Is there a specific security.policy file that triggers this or is it any installation of a SecurityManager?
from tribuo.
Also can you paste the stack trace you get? Tribuo doesn't use the default ForkJoinPool anywhere so I'm surprised we're hitting this issue.
from tribuo.
I ran a quick check and ended up with this stack trace, which is what I assume you're getting.
java.security.AccessControlException: access denied ("java.lang.RuntimePermission" "modifyThread")

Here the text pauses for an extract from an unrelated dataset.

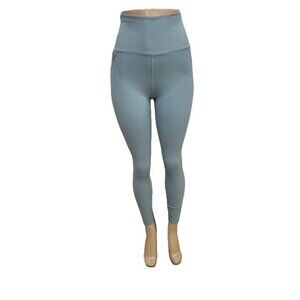 Women's Leggings Pistachio Color High-Waisted Pocket Size Small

at java.base/java.security.AccessControlContext.checkPermission(AccessControlContext.java:472)
at java.base/java.security.AccessController.checkPermission(AccessController.java:897)
at java.base/java.lang.SecurityManager.checkPermission(SecurityManager.java:322)
at java.base/java.util.concurrent.ForkJoinPool.checkPermission(ForkJoinPool.java:667)
at java.base/java.util.concurrent.ForkJoinPool.<init>(ForkJoinPool.java:2320)
at java.base/java.util.concurrent.ForkJoinPool.<init>(ForkJoinPool.java:2165)
at org.tribuo.clustering.kmeans.KMeansTrainer.train(KMeansTrainer.java:197)
at org.tribuo.clustering.kmeans.KMeansTrainer.train(KMeansTrainer.java:298)
It's documented that the ForkJoinPool
needs this permission in the javadoc for it's constructor (https://docs.oracle.com/en/java/javase/11/docs/api/java.base/java/util/concurrent/ForkJoinPool.html#%3Cinit%3E(int)) so this isn't unexpected behaviour. The solution is to modify the security policy to grant Tribuo's jar the following permission:
grant codebase "file:/path/to/tribuo-clustering-kmeans-4.1.0.jar" {
permission java.lang.RuntimePermission "modifyThread";
};
We'll update the docs to note that this permission is necessary when running with a security manager.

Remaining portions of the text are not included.